Fear of Attraction
When I was nine years old my father and my brother
teased me for being unable to keep a secret. Oh yes I can, I said,
I have something I’ve never told anyone.
They laughed and told me to tell them,
but if I told them I
sucked in my belly all day,
then they’d have
known how much fatter
I really was.
When I was 15 years old, I turned to my best friend and said I actually have a good body,
don’t I? To anyone else I would have sounded
vain, but she knew it was my first time
I’m glad you finally noticed,
she said.
Three months later, the body I finally claimed was taken from me
on the carpet of a living room floor. The body I finally
learned to love became the
body that allowed men to prey
on me.
I stuffed it with 2,000 calories a day.
Twenty-one brought another man, much like the first, who reminded me
once again that my body was never my own.

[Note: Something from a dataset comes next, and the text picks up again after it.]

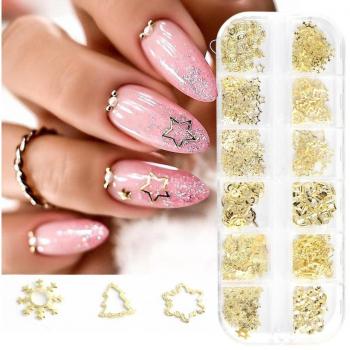 Ornements Festifs pour Ongles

I’m twenty-one-and-a-half years old and I still buy my pants so that they have room to grow.
I have two closets.
One,
the broom cupboard
in our kitchen.
The other, the two sliding mirror doors
in my parent’s house
overflowing with clothes that I rip off
when I see them reflected back at me
I tell myself just two more months
and they’ll fit again.
I am twenty-one-and-a-half years old
and I have two closets.
But I’ll be damned if they let me keep it from becoming one.